Lewis Broady turns around in his chair. He smiles at Simone. Lewis Broady almost never smiles. It looks unnatural, like if someone drew lips on a church gargoyle. “The last girl who sat where you are was weird. She used to play with fireworks and blew up another girl’s backpack. And her face was all messed up.”
“In what way?” asks Simone.
“Yeah, Lewis, in what way?” I stare at him.
Lewis blushes. “She just… looked–” He stutters something and then turns back around.
“Her name was Meredith, and her face wasn’t messed up. She had scars from being burned in a fire, but she was one of the nicest people,” I tell Simone.
“Scars don’t make people ugly, just unique,” she says. Oh, I like her. Not like Lewis obviously likes her, but I really hope that she doesn’t start hanging out with Lisa Welch and her crew of jerk girls. They’ll probably try to get their claws in her because she’s got a pretty face and has a cool backpack. They might reject her because of her crazy orange hair though. It sticks out all over the place like it’s trying to escape.
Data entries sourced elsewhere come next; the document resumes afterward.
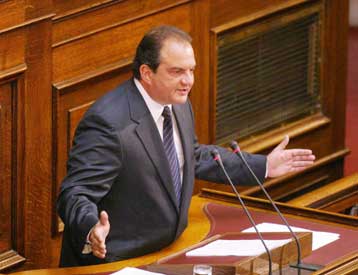 Νέες αιχμές Καραμανλή κατά της κυβέρνησης Σημίτη για τη συμφωνία της Νέας Υόρκης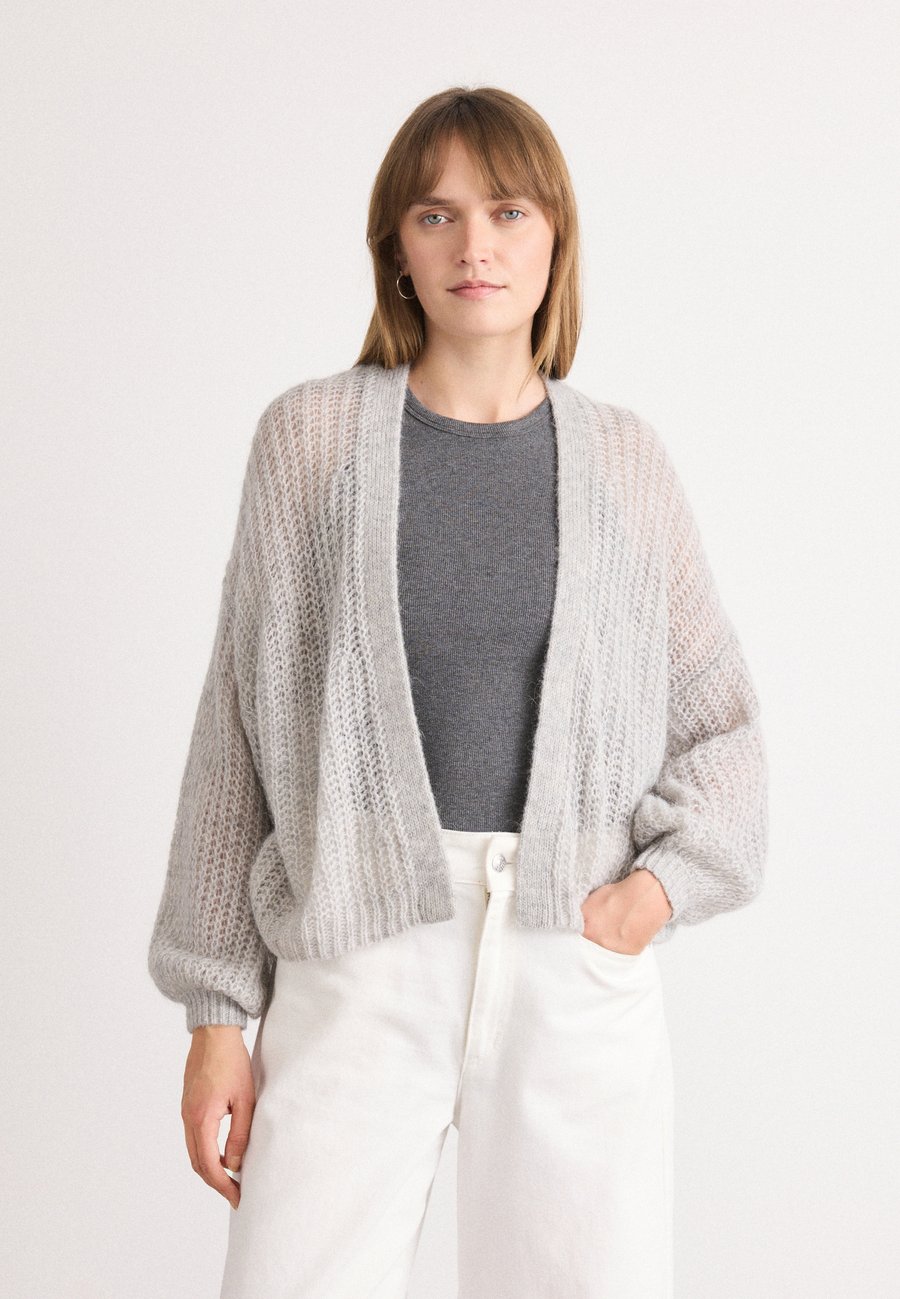 Кардиган BOSS FURGOVIA, Light Pastel Grey/Grey
Кардиган BOSS FURGOVIA, Light Pastel Grey/Grey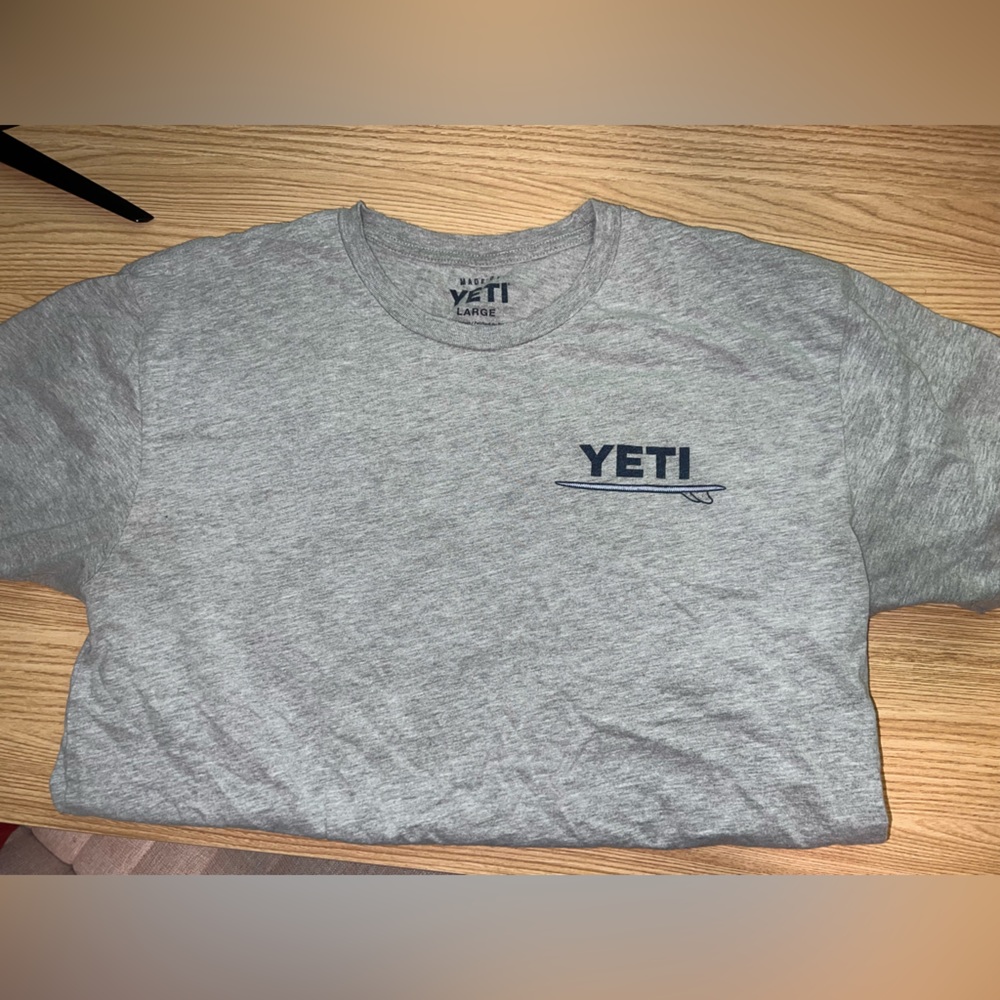Yeti t-shirt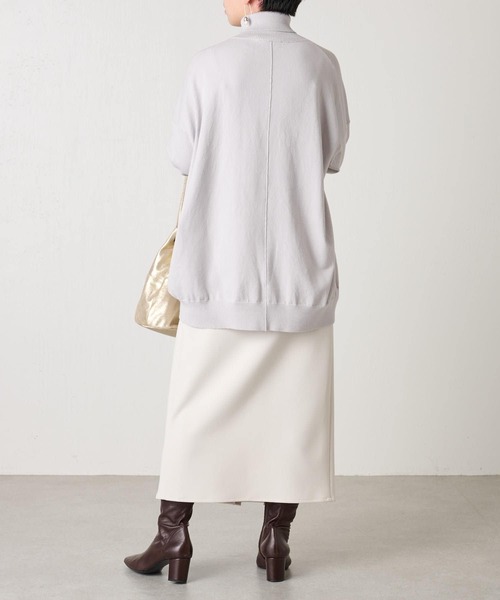 BEARDSLEY（ビアズリー）の「ドルマンシルエット コットンハイネックプルオーバー（ニット/セーター・レディース・ホワイト/ライトグレー・FREE）」の16枚目の写真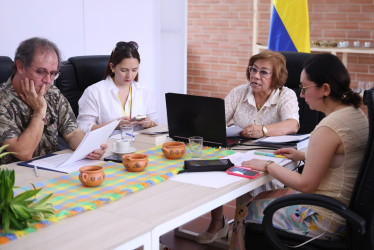 EFE | LA PATRIA | BOGOTÁ  Los ministros de Relaciones Exteriores de la Comunidad de Estados Latinoamericanos y Caribeños (Celac) pidieron ayer mantener a la región "como una tierra de paz", tras una reunión virtual de urgencia para analizar el despliegue naval de Estados Unidos en el Caribe, cerca de Venezuela.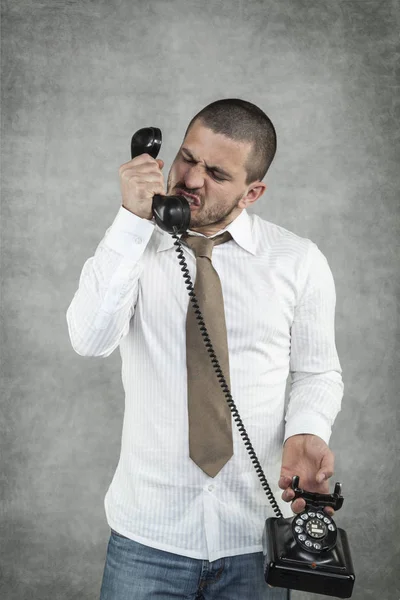 Arg affärsman skrek i telefon — Stockfoto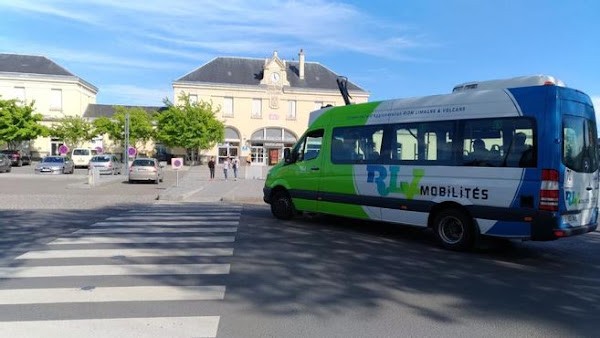 Riom (Puy-de-Dôme) : « On ne restera pas sans réagir ! » : des conducteurs de bus agressés, un véhicule caillassé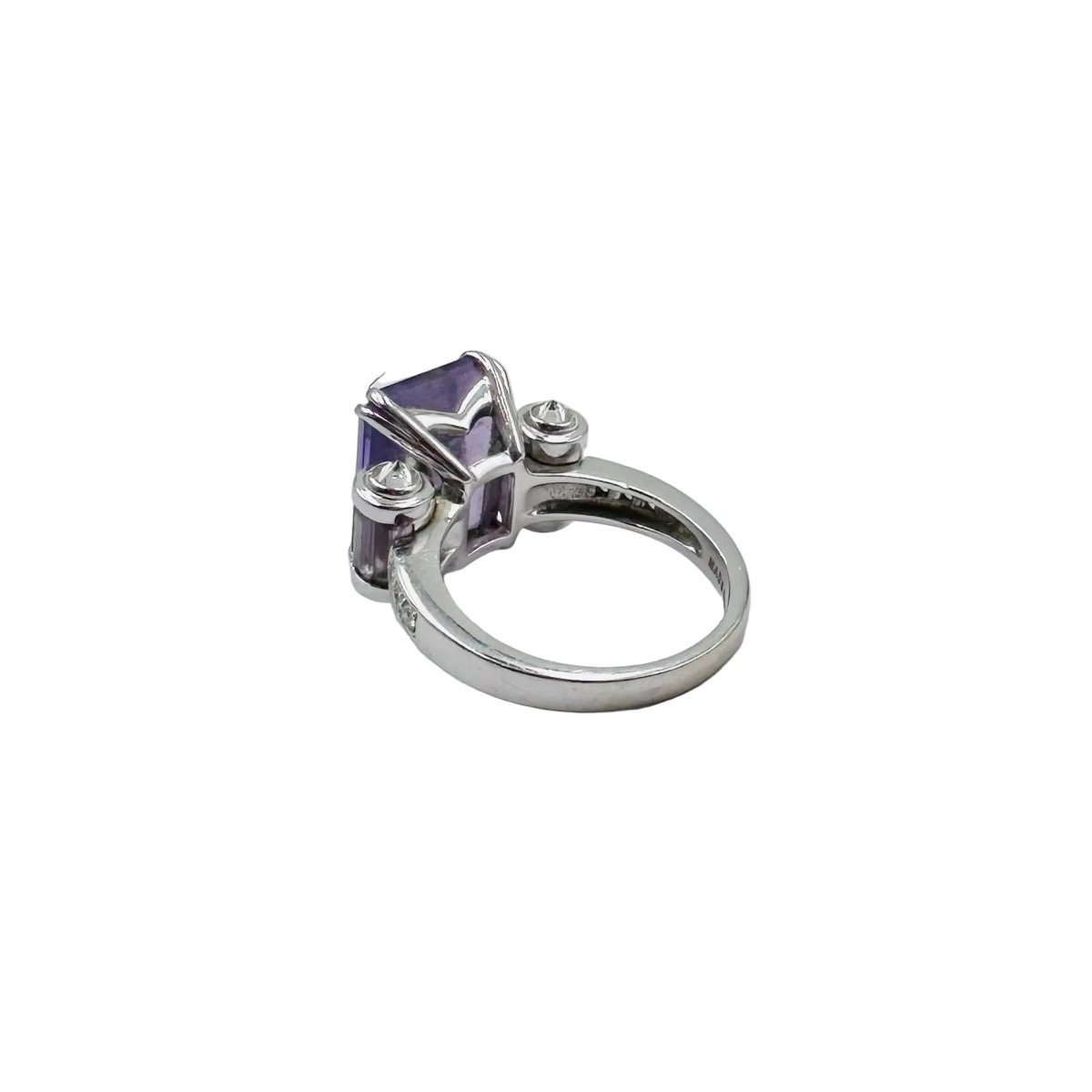 Bague MAUBOUSSIN "Couleur Baiser" en or blanc, améthystes et diamants - Castafiore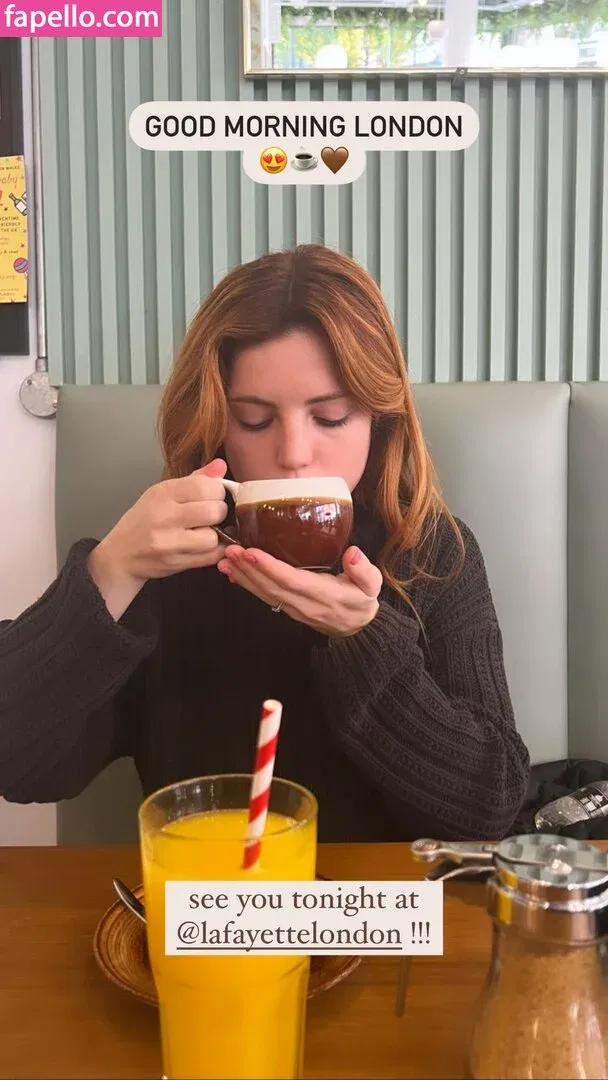 Sydney Sierota Onlyfans Photo Gallery 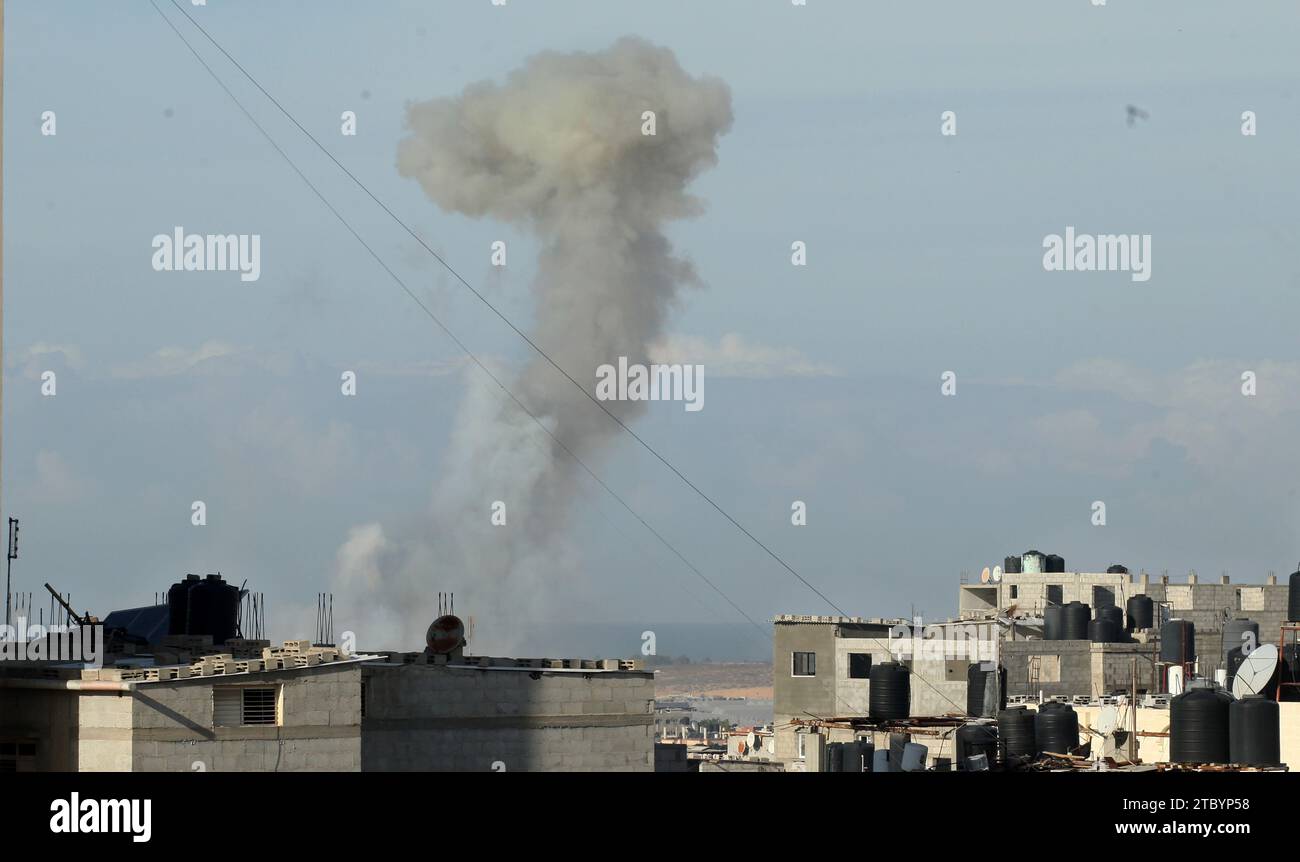 Rafah, Gaza. 9 dicembre 2023. Il fumo rimbalza dopo il bombardamento israeliano nella zona di al-Mawasi a ovest di Rafah nella Striscia di Gaza meridionale, sabato 9 dicembre 2023. Foto di Ismael Mohamad/UPI. Crediti: UPI/Alamy Live News Foto Stock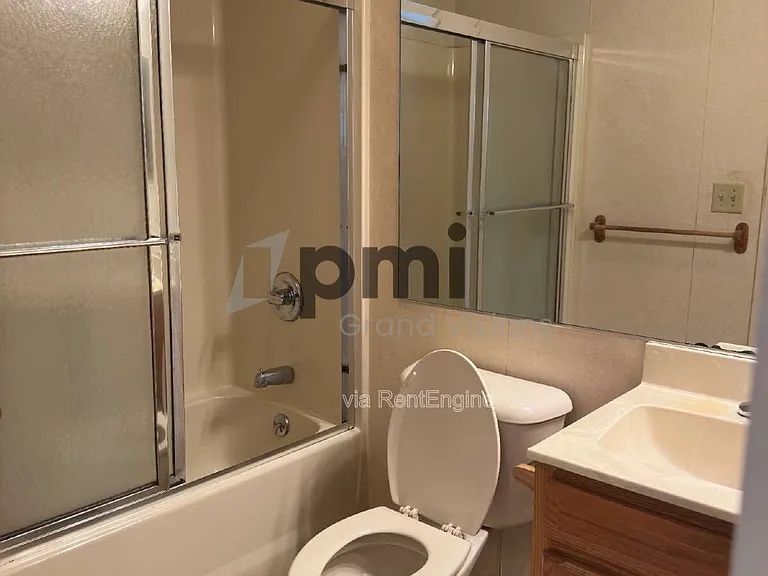 1308 Arthur Ave #8 — Photo 4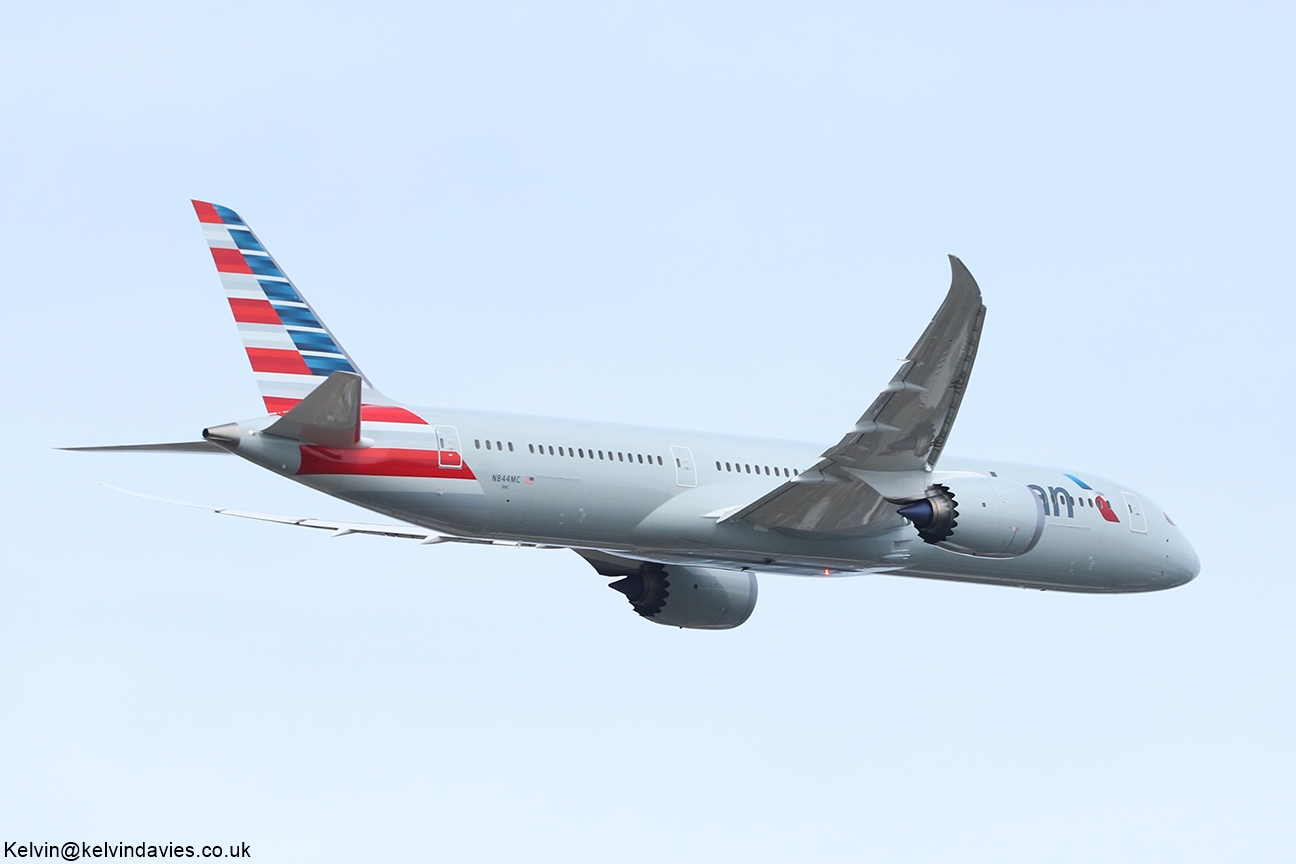 American Airlines 787 N844MC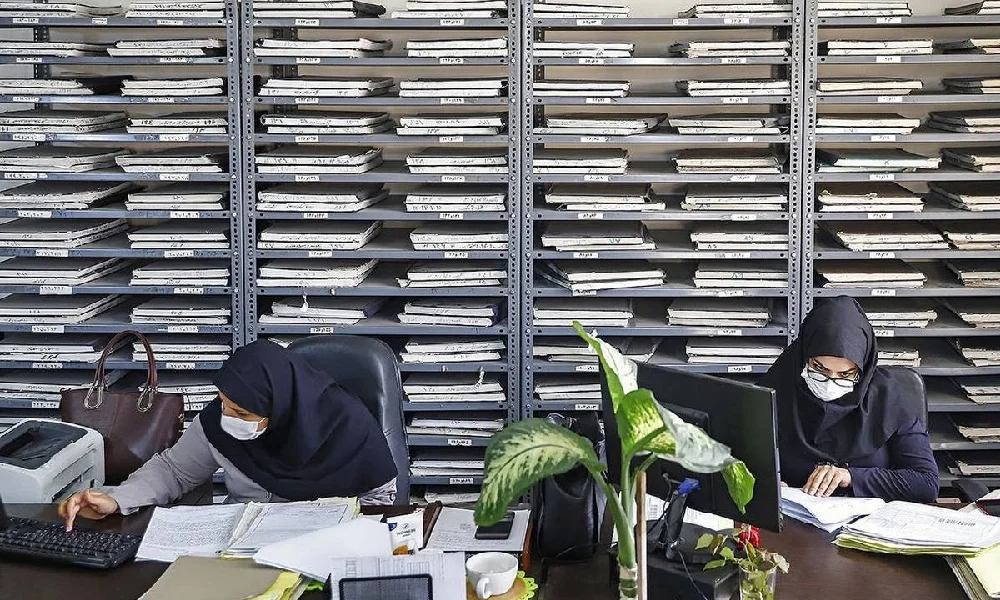 کدام کارمندان دولت شامل 25 هزار امتیاز فوق العاده خاص میشوند؟ 3 امتیاز فوق العاده خاص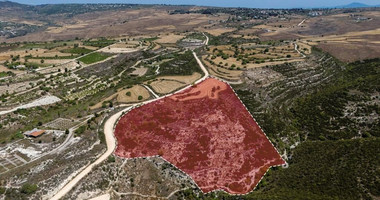 Agricultural Field in Pano Arodes, Paphos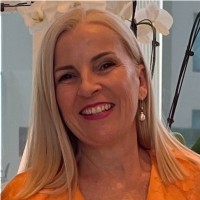 Toni Squire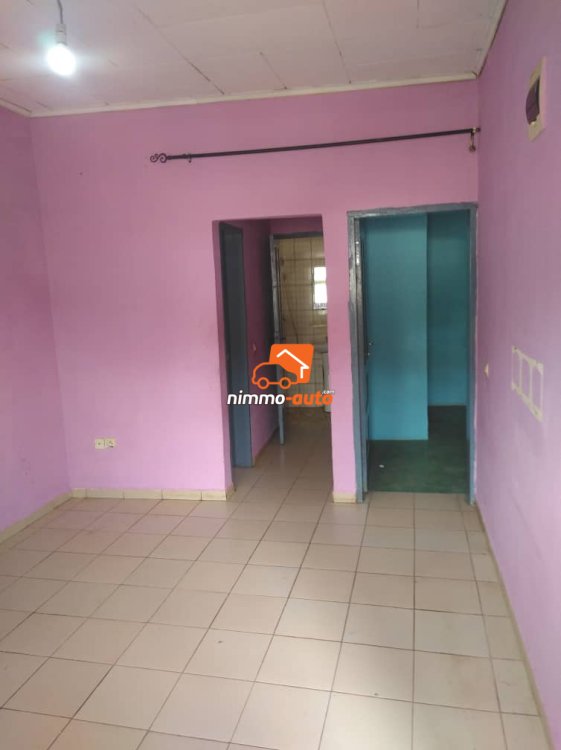 Studio moderne à louer à Biyemassi Superette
“Are you allowed to have your doll out like that?” she asks me.
“Yeah, he helps me with my anxiety. It’s in my five-oh-four.” That’s not true. I don’t even know what a “five-oh-four” is. I just know that when I got Paschar out at the beginning of the year, Mrs. Carter-Dogbill asked me if having him with me was in my five-oh-four to help with anxiety, and I said, “yes.” So now that’s what I say whenever anyone asks.
At lunch, I sit by myself. Mom packed me a salad with little tomatoes, chopped celery, and cucumber slices, but she forgot the lettuce, so it’s just that stuff. And a piece of bread. My thermos is empty. It’s the third day in a row that my thermos has been empty. I told her after the second time that I wanted to pack my own lunch and she said, “No, I can pack your lunch! Just as good as your father does!” so now I’m thirsty and eating rabbit food. I wish Meredith was here with some Oreos.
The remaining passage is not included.